Start of Block
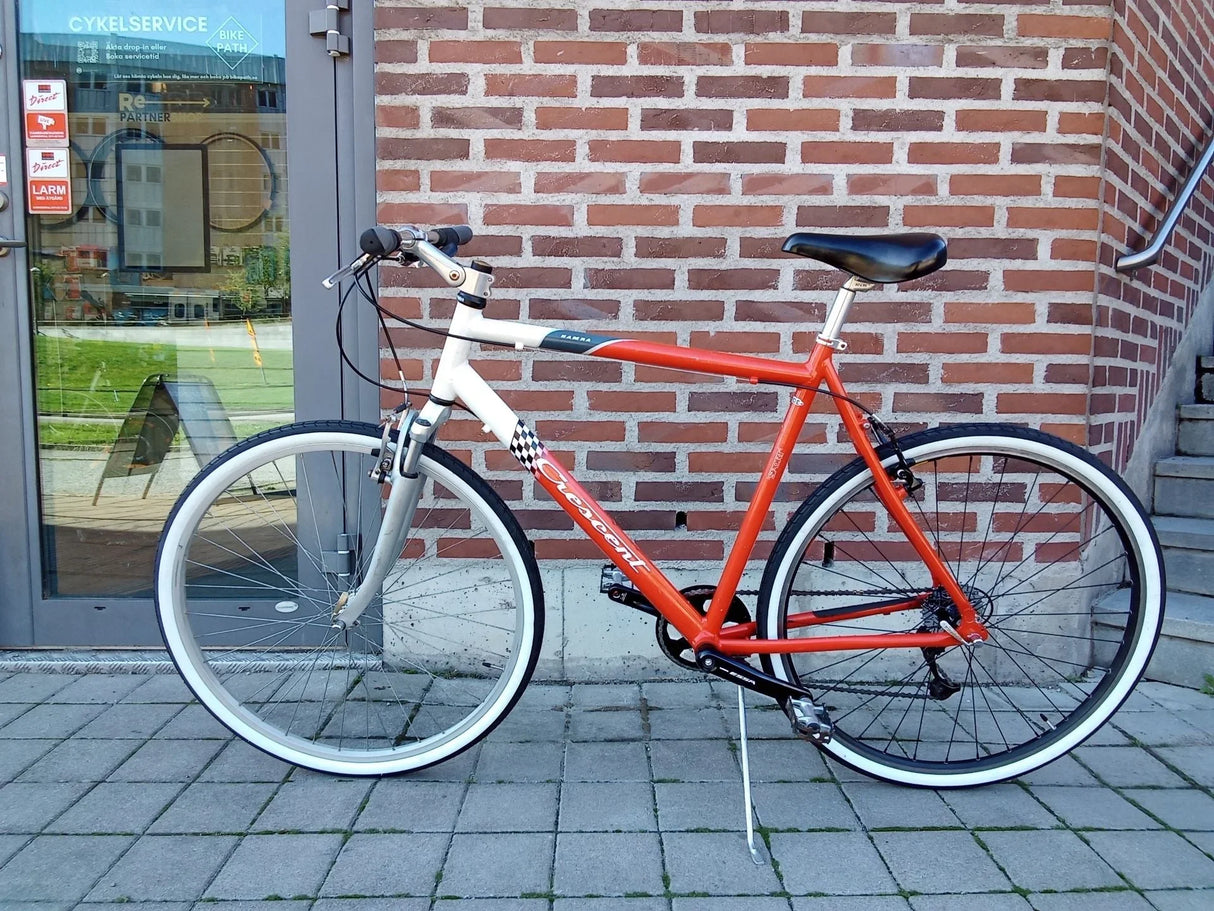 Orange och vit Crescent cykel med vita däck och svart cykelsadel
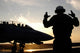 F-14 Tomcat Poster Print Featuring Aircraft Handling Petty Officer by Stocktrek Images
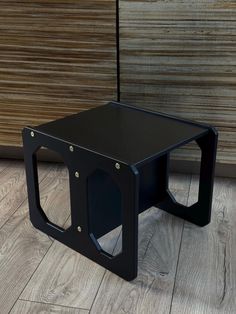 a black table sitting on top of a wooden floor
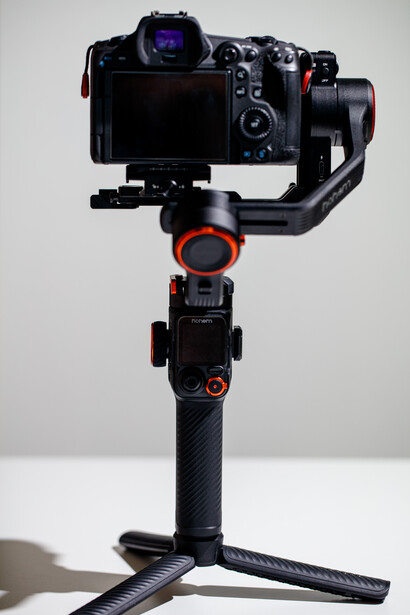 Three-axis gimbal stabilizer with mirrorless camera mounted on top and tripod base below.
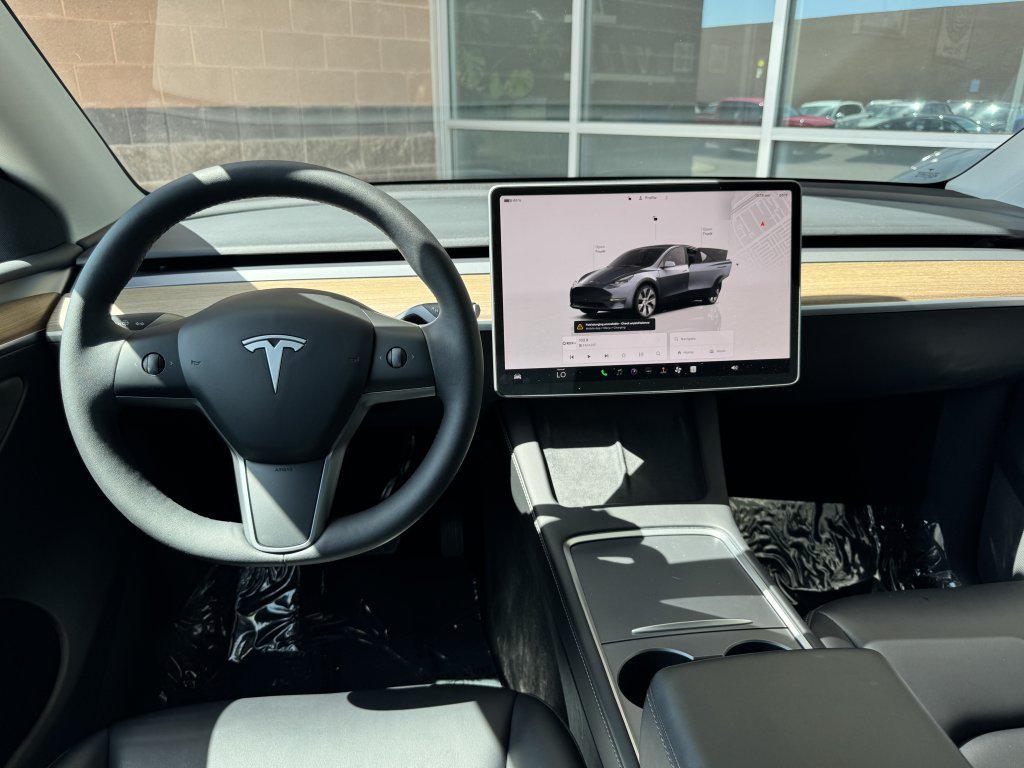 used 2023 Tesla Model Y car, priced at $31,277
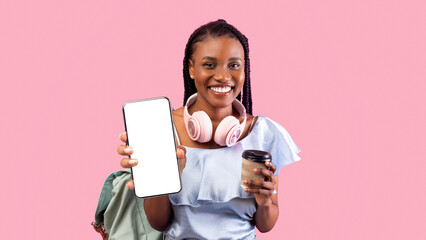 Happy black female student with backpack, headphones and coffee showing smartphone with empty screen on pink studio background, mockup for app or website design. Back to school concept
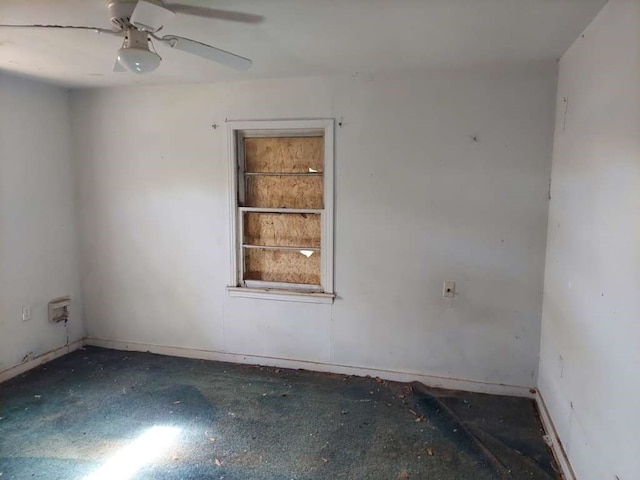 unfurnished room with ceiling fan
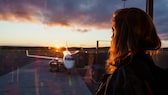 Frau schaut auf Flugzeug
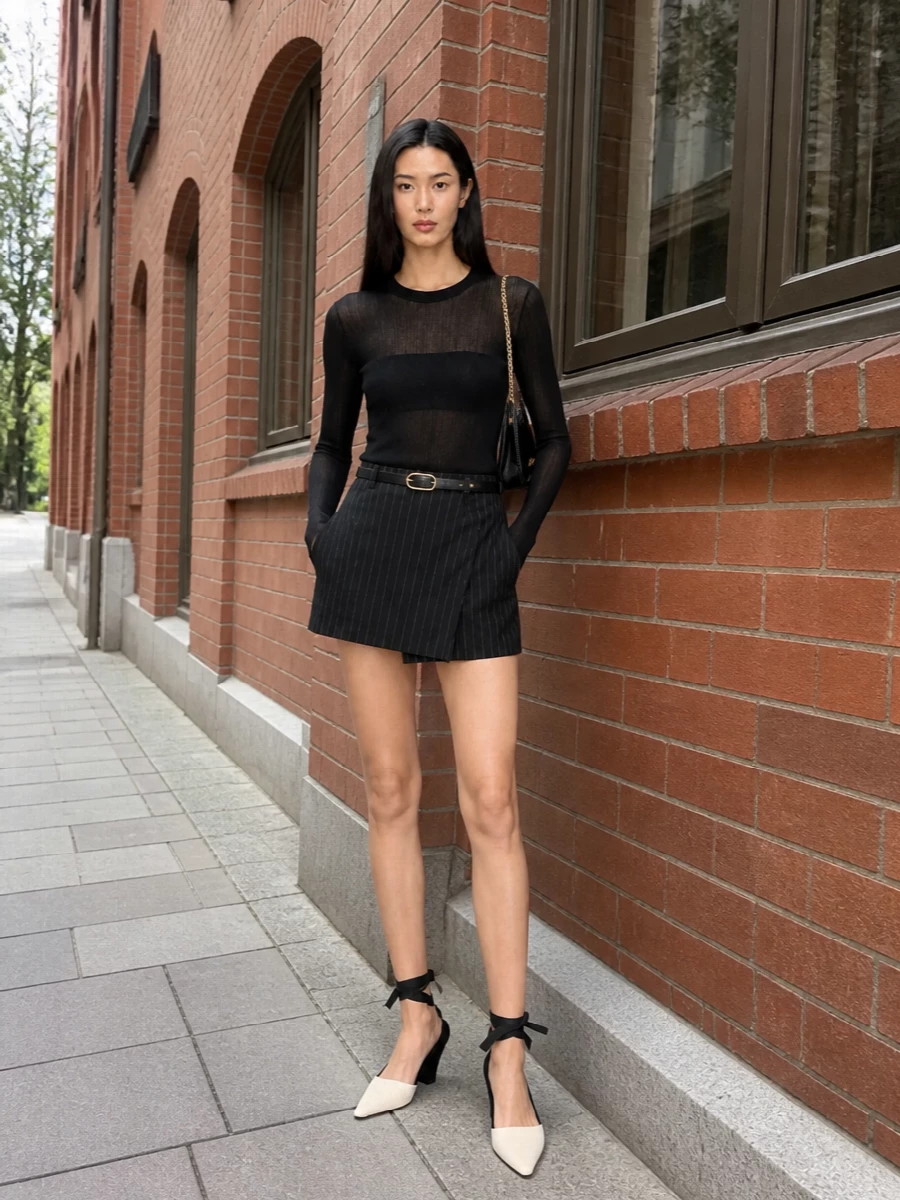 Designer pinstripe mini skirt sheer black top outfit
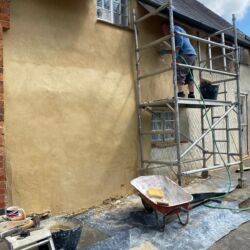 Even though the top of the wall was built with breeze blocks it received the same two coats of lime render.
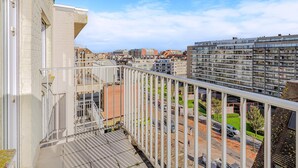 Un balcon doté d’une balustrade en métal, d’où l’on peut admirer un paysage urbain composé de nombreux bâtiments et d’un ciel dégagé.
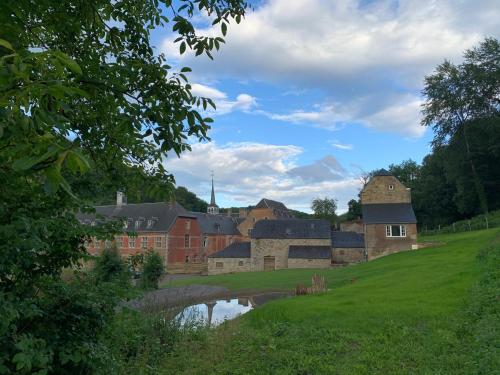 un gruppo di edifici e un fiume in un campo di Abbaye Notre-Dame du Vivier - Le Bief du Vivier a Namur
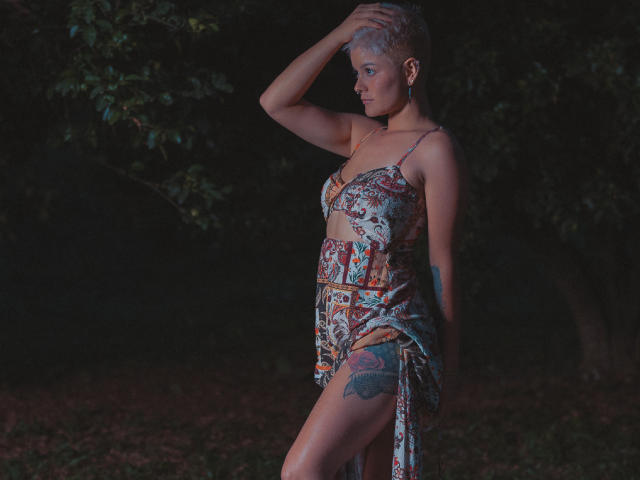 AlexFisher, met kort grijs haar, draagt een bloemenprintjurk die doorschijnend is en kleine borsten en een kleurrijke tatoeage op haar dij laat zien. Ze staat in een donker bos, met haar hand in haar haar, en kijkt naar beneden..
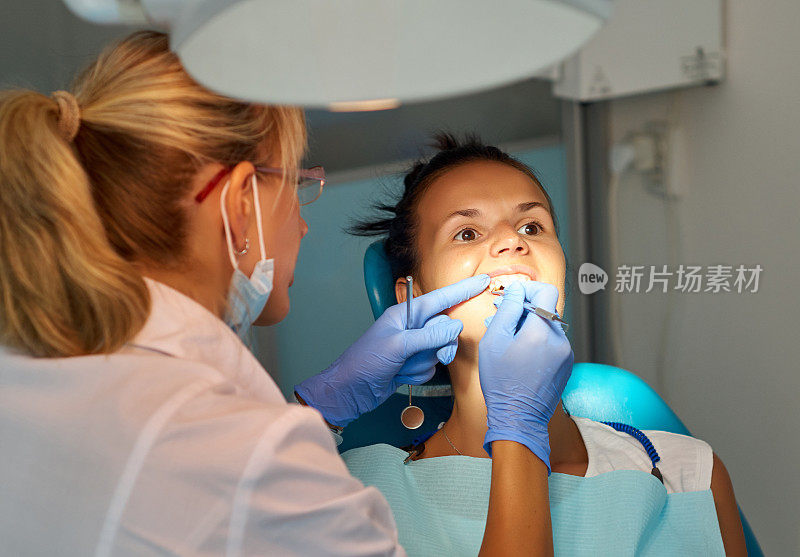 一位美丽的女牙医正在给一个病人治疗牙齿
End of Block
## Exercise
Omit the pictures and retype exactly the lines from the one containing "Three-axis gimbal stabilizer" through the end of the entries above.

## Reply to the task
 Three-axis gimbal stabilizer with mirrorless camera mounted on top and tripod base below.
 used 2023 Tesla Model Y car, priced at $31,277
 Happy black female student with backpack, headphones and coffee showing smartphone with empty screen on pink studio background, mockup for app or website design. Back to school concept
 unfurnished room with ceiling fan
 Frau schaut auf Flugzeug
 Designer pinstripe mini skirt sheer black top outfit
 Even though the top of the wall was built with breeze blocks it received the same two coats of lime render.
 Un balcon doté d’une balustrade en métal, d’où l’on peut admirer un paysage urbain composé de nombreux bâtiments et d’un ciel dégagé.
 un gruppo di edifici e un fiume in un campo di Abbaye Notre-Dame du Vivier - Le Bief du Vivier a Namur
 AlexFisher, met kort grijs haar, draagt een bloemenprintjurk die doorschijnend is en kleine borsten en een kleurrijke tatoeage op haar dij laat zien. Ze staat in een donker bos, met haar hand in haar haar, en kijkt naar beneden..
 一位美丽的女牙医正在给一个病人治疗牙齿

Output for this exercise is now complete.